What the task requires:
Reproduce exactly the run of lines that begins with the one containing "Fancy Green Cushion" and ends with the last line of the records, omitting pictures.

(Web page caption snippets)
┌──
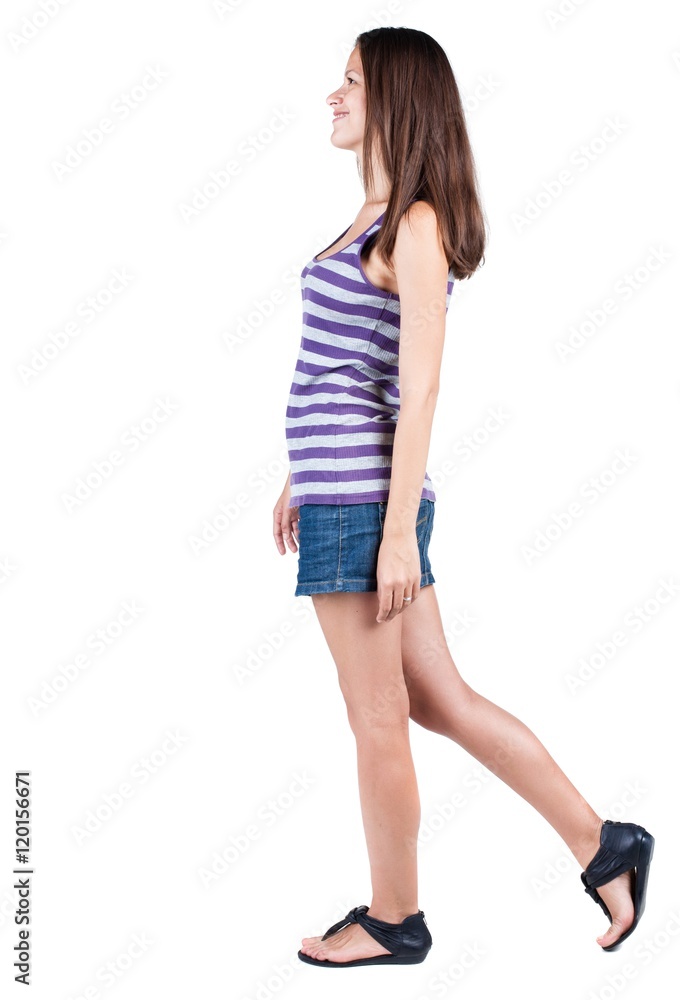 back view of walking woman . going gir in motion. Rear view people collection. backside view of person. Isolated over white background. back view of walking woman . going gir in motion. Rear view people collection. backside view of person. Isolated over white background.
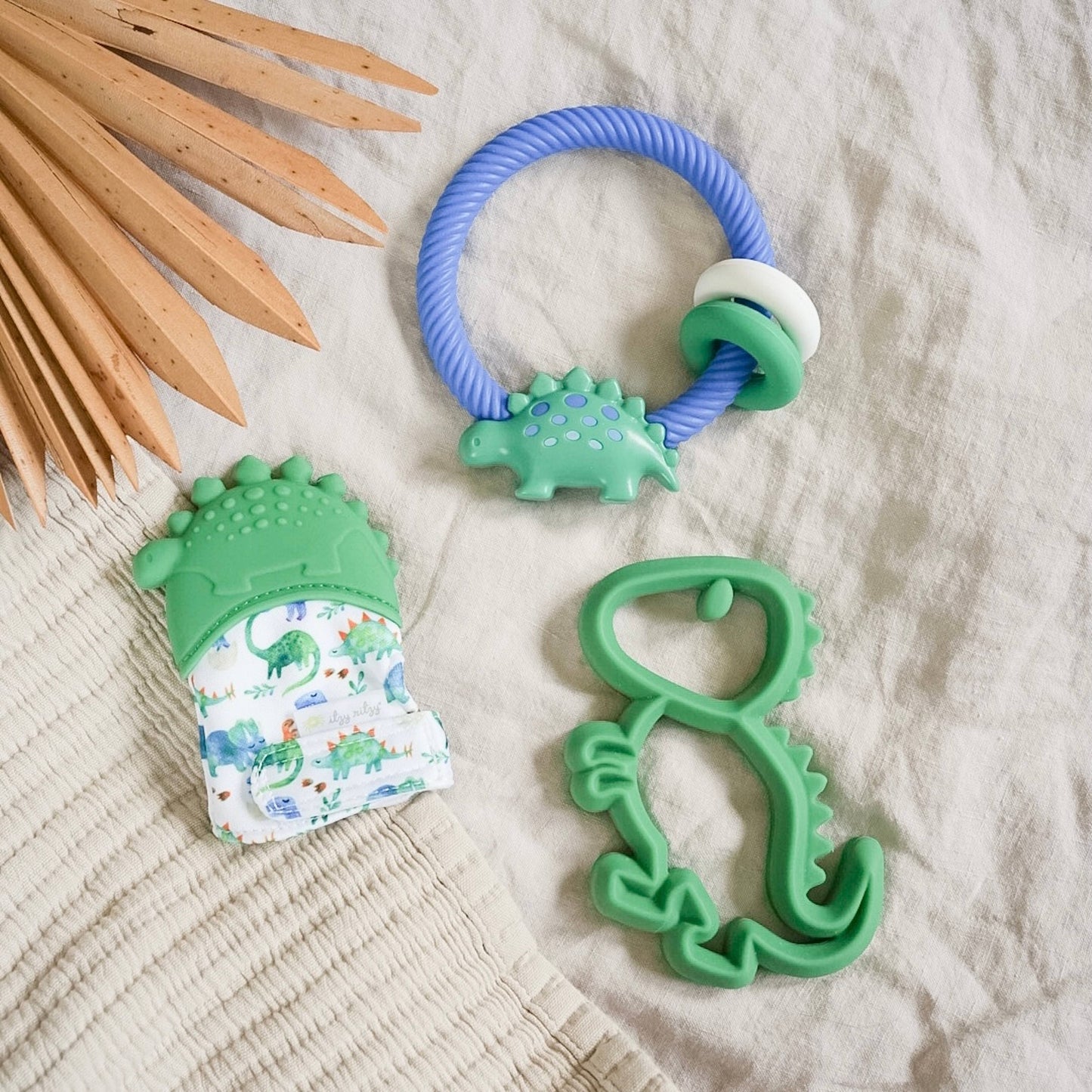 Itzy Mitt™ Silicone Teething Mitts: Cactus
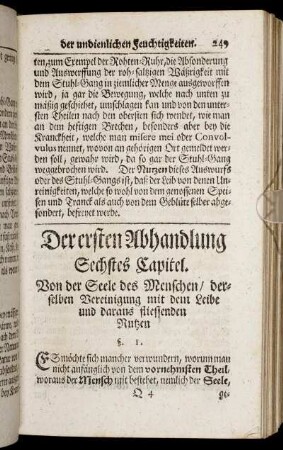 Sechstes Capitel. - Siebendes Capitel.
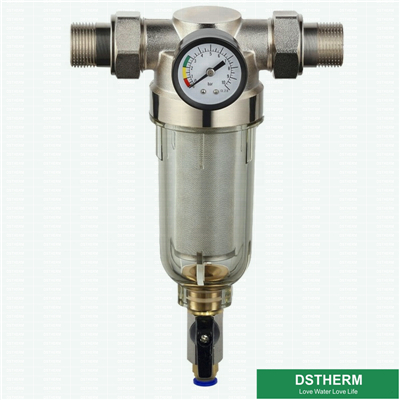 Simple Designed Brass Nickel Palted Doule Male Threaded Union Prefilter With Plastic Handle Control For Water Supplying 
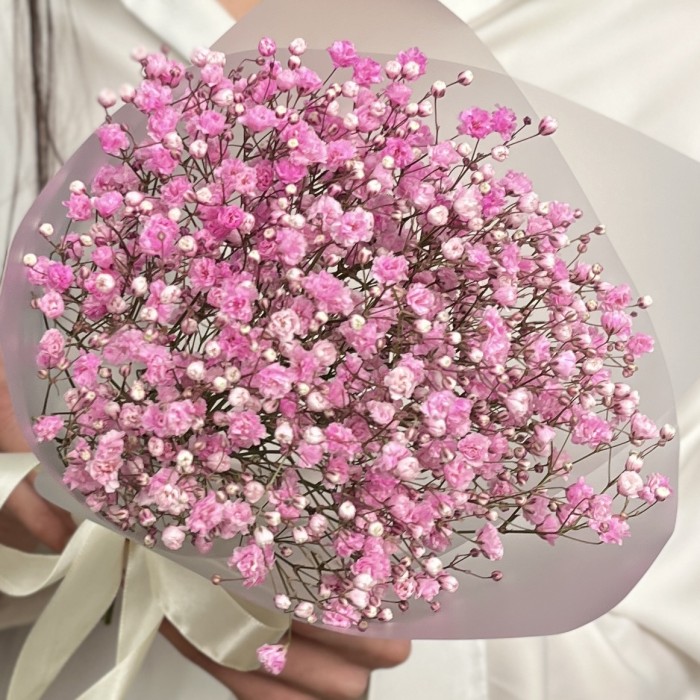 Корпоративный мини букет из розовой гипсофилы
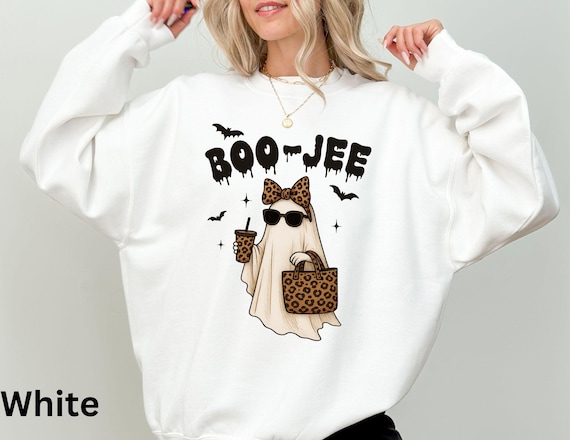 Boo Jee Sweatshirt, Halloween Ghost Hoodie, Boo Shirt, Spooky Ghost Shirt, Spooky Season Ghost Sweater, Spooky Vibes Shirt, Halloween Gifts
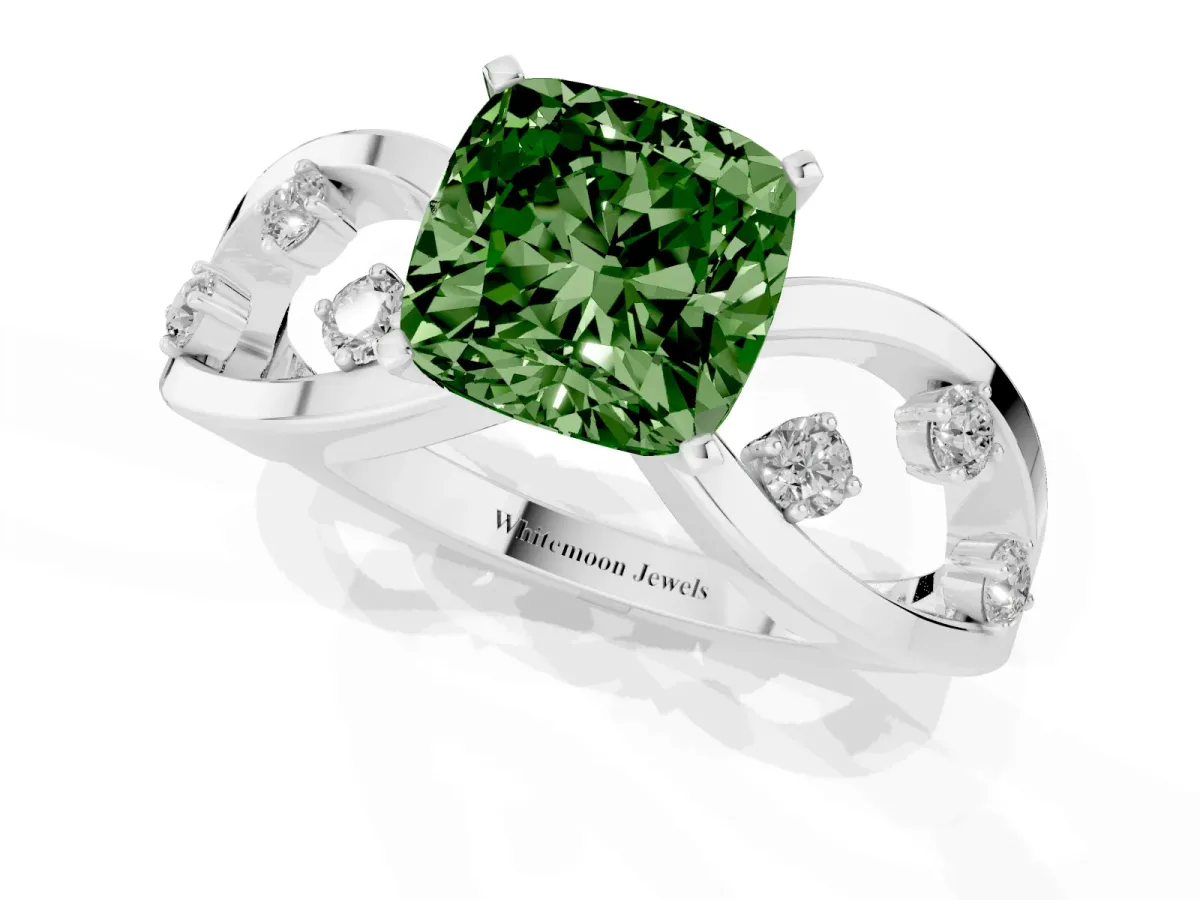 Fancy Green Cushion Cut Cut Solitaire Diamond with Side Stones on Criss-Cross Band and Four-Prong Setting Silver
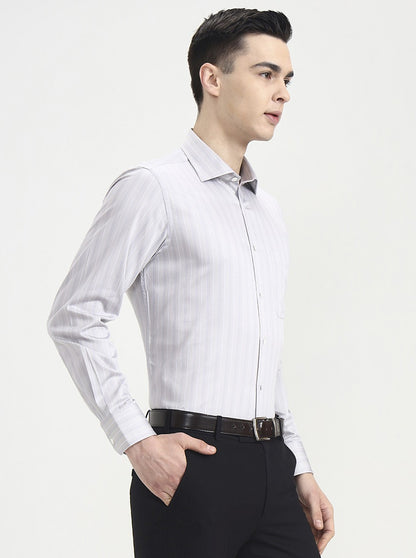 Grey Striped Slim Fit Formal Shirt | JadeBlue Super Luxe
└──
Answer space:
 Fancy Green Cushion Cut Cut Solitaire Diamond with Side Stones on Criss-Cross Band and Four-Prong Setting Silver
 Grey Striped Slim Fit Formal Shirt | JadeBlue Super Luxe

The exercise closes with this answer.